Mom and Dad shook their heads.

“Wait here,” said the officer.

She left us standing. “Wait here,” that’s all she had to say, and I don’t think anyone of the three of us moved an inch. Was it the badge? Was it the uniform? Was it the gun? What is it about a cop that makes people, most people, do exactly as they are told? I don’t know, and the truth is I wasn’t thinking about it then.

I was thinking about three guys—yeah, I figured they were guys—pushing a “vehicle” into a lake somewhere in Florida.

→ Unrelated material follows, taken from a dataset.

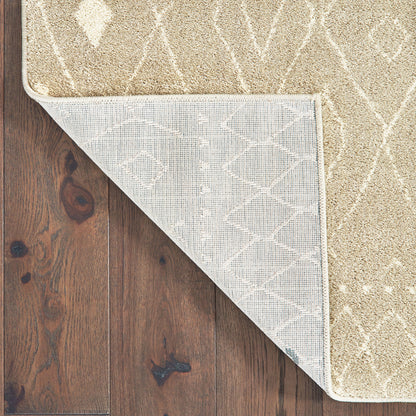 Carson Sand Ivory Bohemian Geometric Indoor Rug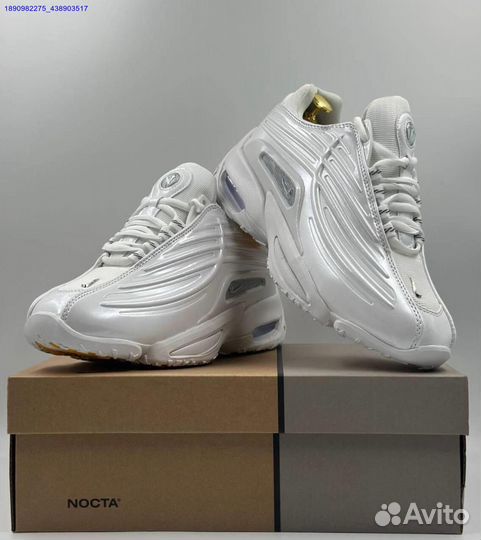 Кроссовки Nocta Nike Hot Step2 White (Арт.38469)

She wasn’t gone long. She returned with the pilot, the co-pilot and my friend the flight attendant.

She said, “This young man witnessed a possible crime in progress, and perhaps you can help us determine where we need to start looking.”

“You, sir,” she said to the flight attendant, “did you note the time when the young man created a disturbance on the airplane?”

Maybe it was the badge, maybe it was the uniform, maybe it was the gun: the flight attendant swallowed hard before he answered, “No, ma’am.”

The pilot spoke up, “How long after I called for flight attendants to prepare for landing?” he asked.

“A minute, maybe two . . . or three,” replied the flight attendant.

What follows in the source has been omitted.